Henry reaches the register. Vanessa is there. She smiles shyly and asks Henry why he never called her. Henry laughs and hands his phone to her so she can enter her number. He feels corny but promises to call her. Henry is about to leave when a voice calls his name. He turns and sees Dean Melrose sitting at a table. Melrose tells Henry that there’s an open position in the theology school—and he think Henry would be perfect for the job. Henry assumes Melrose is kidding and reminds him that he hasn’t even completed his PhD. Plus, Melrose failed him. But Melrose only hands Henry his card and tells Henry to come in to interview for the position.
The irresistibility with which Luc’s deal/curse has imbued Henry isn’t limited to love and physical attraction: it extends to Henry’s professional life as well. Suddenly, Dean Melrose, who previously failed Henry, thinks that Henry is the perfect candidate for a job for which Henry is hilariously underqualified. The ridiculousness of Melrose’s offer seems to put things into perspective for Henry, showing him that everyone’s sudden desire for him is phony and thus meaningless.
Henry returns to The Last Word and Bea scolds him for being late. Henry apologizes. Then he asks Bea if he seems different or strange lately. Bea doesn’t notice anything different about him. She asks Henry what’s going on. Henry knows Bea won’t believe him if he tells her about the deal, so he drops it.
Bea doesn’t seem quite as affected by Henry’s deal with Luc as everyone else, but it’s possible that her failure to see anything different in him is itself an effect of the curse: she’s seeing Henry as unchanged because that’s how she wants to see him.
Bea tells Henry about a new idea she has for a thesis. She shows him three portraits, each depicting what looks to be the same young woman, though the portraits all come from different times and schools of art. Bea calls the woman “the ghost in the frame.” One portrait is a pencil sketch, depicting a woman lying tangled in sheets. She has freckles across her cheeks. The second portrait is French and done in an abstract style, but it depicts a woman with freckles, too. The third piece is a silhouette sculpture, consisting of a slab of cherry wood with “pinpoint tunnels” carved straight through it. Henry doubts the works all depict the same woman, but Bea points out that the woman’s freckles are the same. She excitedly wonders who the woman might have been.

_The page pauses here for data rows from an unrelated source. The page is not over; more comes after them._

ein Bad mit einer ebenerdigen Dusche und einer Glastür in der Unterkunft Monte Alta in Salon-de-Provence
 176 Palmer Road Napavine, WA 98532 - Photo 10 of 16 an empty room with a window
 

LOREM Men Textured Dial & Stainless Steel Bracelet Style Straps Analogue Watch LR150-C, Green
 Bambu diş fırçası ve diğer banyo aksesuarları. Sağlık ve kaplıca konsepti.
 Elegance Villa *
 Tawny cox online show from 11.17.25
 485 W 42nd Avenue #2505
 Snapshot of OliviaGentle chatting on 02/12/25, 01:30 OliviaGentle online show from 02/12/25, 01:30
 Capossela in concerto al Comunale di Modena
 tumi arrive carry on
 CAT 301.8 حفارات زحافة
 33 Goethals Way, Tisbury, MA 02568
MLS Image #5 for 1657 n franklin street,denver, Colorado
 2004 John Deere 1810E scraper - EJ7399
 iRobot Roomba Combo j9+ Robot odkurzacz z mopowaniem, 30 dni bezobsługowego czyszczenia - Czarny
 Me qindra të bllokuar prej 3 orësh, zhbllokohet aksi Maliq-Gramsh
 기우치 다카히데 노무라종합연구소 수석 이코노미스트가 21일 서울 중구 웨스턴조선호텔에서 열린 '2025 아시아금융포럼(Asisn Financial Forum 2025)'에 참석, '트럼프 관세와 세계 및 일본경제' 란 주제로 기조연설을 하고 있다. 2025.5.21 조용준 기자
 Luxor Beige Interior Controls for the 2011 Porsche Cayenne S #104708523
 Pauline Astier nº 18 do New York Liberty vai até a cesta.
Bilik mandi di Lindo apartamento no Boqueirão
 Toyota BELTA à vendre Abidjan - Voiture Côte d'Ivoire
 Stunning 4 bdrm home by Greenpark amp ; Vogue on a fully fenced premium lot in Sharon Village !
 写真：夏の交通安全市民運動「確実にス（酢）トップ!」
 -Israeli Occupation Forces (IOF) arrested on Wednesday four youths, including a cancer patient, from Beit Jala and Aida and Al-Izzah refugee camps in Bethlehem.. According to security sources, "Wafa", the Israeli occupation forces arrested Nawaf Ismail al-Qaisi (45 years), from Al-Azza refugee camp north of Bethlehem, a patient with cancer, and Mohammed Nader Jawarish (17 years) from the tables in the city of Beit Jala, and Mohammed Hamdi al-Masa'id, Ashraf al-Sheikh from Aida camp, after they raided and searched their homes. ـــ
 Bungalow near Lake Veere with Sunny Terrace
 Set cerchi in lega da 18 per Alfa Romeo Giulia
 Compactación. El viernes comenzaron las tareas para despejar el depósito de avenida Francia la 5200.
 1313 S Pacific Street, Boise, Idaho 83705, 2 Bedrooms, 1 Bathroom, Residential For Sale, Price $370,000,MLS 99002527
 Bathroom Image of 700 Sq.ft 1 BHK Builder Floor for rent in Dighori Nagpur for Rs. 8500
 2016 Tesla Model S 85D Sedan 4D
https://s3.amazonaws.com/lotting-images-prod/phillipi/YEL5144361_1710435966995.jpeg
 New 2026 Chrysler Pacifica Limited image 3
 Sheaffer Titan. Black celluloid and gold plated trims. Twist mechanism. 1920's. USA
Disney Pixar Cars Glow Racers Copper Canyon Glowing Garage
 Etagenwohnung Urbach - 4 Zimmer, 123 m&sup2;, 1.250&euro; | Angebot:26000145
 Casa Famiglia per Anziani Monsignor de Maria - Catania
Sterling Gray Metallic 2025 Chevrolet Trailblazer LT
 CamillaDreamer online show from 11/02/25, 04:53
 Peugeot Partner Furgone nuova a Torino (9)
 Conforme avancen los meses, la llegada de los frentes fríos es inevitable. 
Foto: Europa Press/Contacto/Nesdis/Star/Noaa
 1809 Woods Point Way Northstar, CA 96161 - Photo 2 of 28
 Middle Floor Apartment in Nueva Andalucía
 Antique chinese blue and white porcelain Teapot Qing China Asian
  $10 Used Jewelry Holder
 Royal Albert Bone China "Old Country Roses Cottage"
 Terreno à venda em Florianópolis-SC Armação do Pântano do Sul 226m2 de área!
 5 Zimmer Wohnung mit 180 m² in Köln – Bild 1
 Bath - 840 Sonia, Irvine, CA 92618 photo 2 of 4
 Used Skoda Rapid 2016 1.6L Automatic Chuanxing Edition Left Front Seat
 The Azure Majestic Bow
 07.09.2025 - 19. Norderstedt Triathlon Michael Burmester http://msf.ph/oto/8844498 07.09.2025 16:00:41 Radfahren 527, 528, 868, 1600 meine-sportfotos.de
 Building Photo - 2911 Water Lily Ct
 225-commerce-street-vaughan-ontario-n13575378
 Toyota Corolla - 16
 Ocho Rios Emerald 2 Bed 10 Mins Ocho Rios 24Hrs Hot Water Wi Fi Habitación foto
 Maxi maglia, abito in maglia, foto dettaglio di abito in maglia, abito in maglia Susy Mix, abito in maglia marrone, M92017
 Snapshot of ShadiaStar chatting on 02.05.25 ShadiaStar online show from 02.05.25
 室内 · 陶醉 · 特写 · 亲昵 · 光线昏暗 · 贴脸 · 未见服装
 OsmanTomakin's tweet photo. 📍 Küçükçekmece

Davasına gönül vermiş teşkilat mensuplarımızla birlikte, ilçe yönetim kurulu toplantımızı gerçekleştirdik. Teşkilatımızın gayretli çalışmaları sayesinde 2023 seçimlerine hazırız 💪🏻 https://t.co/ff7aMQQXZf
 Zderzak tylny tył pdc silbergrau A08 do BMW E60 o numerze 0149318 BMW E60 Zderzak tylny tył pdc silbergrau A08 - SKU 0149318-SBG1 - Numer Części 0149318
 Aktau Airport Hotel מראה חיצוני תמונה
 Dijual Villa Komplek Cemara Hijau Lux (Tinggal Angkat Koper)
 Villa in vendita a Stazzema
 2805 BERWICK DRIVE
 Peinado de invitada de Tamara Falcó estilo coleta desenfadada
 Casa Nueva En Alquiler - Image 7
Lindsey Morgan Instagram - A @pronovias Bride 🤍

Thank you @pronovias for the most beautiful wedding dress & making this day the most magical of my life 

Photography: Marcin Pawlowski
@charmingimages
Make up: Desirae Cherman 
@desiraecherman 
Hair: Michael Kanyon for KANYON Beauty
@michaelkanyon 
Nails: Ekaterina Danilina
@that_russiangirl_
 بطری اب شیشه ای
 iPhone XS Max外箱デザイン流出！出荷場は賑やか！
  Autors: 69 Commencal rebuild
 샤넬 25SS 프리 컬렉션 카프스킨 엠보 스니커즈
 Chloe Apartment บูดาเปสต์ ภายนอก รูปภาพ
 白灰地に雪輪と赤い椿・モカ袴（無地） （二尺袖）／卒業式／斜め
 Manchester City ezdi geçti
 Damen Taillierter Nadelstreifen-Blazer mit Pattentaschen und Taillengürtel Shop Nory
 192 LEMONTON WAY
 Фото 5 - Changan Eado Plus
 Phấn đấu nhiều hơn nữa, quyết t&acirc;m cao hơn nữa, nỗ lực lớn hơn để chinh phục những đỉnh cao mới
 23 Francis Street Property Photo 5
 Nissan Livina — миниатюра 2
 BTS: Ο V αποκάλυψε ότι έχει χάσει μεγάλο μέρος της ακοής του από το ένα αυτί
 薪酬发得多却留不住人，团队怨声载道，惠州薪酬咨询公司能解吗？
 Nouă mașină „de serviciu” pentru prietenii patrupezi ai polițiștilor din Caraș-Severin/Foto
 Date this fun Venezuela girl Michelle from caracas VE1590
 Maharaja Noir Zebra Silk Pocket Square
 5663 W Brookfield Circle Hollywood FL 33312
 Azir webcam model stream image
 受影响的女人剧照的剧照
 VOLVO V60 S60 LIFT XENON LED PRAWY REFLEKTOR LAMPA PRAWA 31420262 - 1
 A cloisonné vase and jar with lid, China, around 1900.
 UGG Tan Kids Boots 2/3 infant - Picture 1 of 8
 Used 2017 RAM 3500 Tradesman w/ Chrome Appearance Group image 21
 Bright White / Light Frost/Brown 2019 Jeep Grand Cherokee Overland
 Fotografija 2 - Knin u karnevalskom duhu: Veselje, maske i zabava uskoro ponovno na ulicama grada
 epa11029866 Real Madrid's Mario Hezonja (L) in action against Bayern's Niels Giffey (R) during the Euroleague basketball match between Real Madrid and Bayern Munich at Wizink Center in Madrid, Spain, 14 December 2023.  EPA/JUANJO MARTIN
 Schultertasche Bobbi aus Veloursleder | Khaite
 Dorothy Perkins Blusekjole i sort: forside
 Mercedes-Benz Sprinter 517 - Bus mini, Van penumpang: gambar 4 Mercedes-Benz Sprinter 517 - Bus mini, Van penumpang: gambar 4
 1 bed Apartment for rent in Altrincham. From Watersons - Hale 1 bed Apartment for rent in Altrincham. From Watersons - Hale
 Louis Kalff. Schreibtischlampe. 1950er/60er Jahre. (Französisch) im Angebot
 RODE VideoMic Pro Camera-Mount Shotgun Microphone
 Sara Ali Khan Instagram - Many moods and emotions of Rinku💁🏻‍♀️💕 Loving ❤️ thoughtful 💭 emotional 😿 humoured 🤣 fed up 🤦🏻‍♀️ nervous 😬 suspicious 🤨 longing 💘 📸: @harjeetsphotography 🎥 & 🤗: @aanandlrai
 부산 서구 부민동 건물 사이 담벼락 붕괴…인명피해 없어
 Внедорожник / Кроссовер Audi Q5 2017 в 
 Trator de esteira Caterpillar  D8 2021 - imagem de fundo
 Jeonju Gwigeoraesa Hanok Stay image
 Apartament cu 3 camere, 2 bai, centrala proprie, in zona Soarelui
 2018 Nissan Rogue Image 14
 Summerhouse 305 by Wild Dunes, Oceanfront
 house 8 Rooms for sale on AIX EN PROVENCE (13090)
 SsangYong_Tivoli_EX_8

The woman in the paintings that Bea shows Henry is clearly Addie, though Henry hasn’t yet met Addie and has no way of knowing this. One curious detail is the role that Addie’s freckles play in each artwork. Part of Addie’s curse is that she can leave no mark on the world—thus, she can’t be photographed, as a photograph would immortalize her image in time. But these works, which foreground Addie’s freckles, are different. They’re less replicas of Addie than they are interpretations that depict the feature of Addie’s (her freckles) that was most striking to each artist. So, these paintings gesture toward the idea that Luc raised earlier: that ideas are separate—and stronger—than memories.